Updated on June 06, 2022

Comments

  • penetra
    penetra almost 2 years

    I looking for a way, specifically in PHP that I will be guaranteed to always get a unique key.

    I have done the following:

    strtolower(substr(crypt(time()), 0, 7));
    

    But I have found that once in a while I end up with a duplicate key (rarely, but often enough).

    I have also thought of doing:

    strtolower(substr(crypt(uniqid(rand(), true)), 0, 7));
    

    But according to the PHP website, uniqid() could, if uniqid() is called twice in the same microsecond, it could generate the same key. I'm thinking that the addition of rand() that it rarely would, but still possible.

    After the lines mentioned above I am also remove characters such as L and O so it's less confusing for the user. This maybe part of the cause for the duplicates, but still necessary.

    One option I have a thought of is creating a website that will generate the key, storing it in a database, ensuring it's completely unique.

    Any other thoughts? Are there any websites out there that already do this that have some kind of API or just return the key. I found http://userident.com but I'm not sure if the keys will be completely unique.

    This needs to run in the background without any user input.

  • penetra
    penetra over 15 years
    because it may not always be a password, but instead their actual username/login id or say a transaction id. Both of these are basically a username so they have to be unique. I have the database setup to only accept unique passwords, but again, I can't assume I'm dealing with a database that I have access to. The other thing is I only want 7 to maybe 15 characters. GUIDs are typically much longer and therefore will end up not being unique quite easily.
  • Joel
    Joel over 15 years
    This is close, but depending on your random routine only has just over microsecond accuracy.

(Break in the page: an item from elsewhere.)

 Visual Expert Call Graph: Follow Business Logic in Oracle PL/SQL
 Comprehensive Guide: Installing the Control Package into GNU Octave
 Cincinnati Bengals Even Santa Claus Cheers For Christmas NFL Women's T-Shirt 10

As he mentioned, uniqid failed for the same possibility.
  • Joel
    Joel over 15 years
    If you take a substring of a cryptographically secure hash then you defeat the uniqueness of the hash. No portion of a hash is more secure or random than any other. It is just as likely to get equal passwords as using a regular call to a random number generator.
  • Joel
    Joel over 15 years
    GUID (or UUIDS) and sequences are the only two ways to avoid duplicates, but you are correct for every other algorithm mentioned here.
  • Jason Cohen
    Jason Cohen over 15 years
    If arbitrary identifier lengths are allowed, I agree. If he wants to keep to 8 chars as in his examples, it's just not enough.
  • Joel
    Joel over 15 years
    8 characters is enough for exactly 1,099,511,627,776 unique passwords if you use Base32, which is respectable for manually entered data (32^8) This makes no allowance for verification, nor does it exclude patterns like 00000000.
  • Joel
    Joel over 15 years
    Collisions are due to his algorithm or his encoding (maybe only using Decimal, which is only 100,000,000 possibilities. Centralized sequential generation is the only solution that will work, or checking for duplicates like you suggested.
  • Marco Demaio
    Marco Demaio about 14 years
    I don't undertstand why you need to md5 values. MD5 is a one way hashing that creates a signature. Be careful that different input values might result in creating the same signature, MD5 functions are triggered to attempt to return different results when input values are slightly different not completly different. So by adding MD5 I think you increase the probability to get duplicated values.
  • Jon
    Jon over 11 years
    Hello, do you have any further reading about number 2, I'd like to use this kind of code generation using different "sources", Thanks.
  • Joel
    Joel over 11 years
    @Jon: I don't have any reading on this, but essentially you concatenate the a source identifier with a sequence from that source. So you know it is unique. For example, if you had two sources, then you would have a sequence of A1, A2, A3, A4 .. . A999 and another sequence of B1, B2, B3, B4 . .. B999. Since a ID from source A will never start with B, then you know there will never be a collision.
  • Jon
    Jon over 11 years
    k thank you, could the source identifier be an id for a db table so that when a code is entered information could be gather from a record in a table?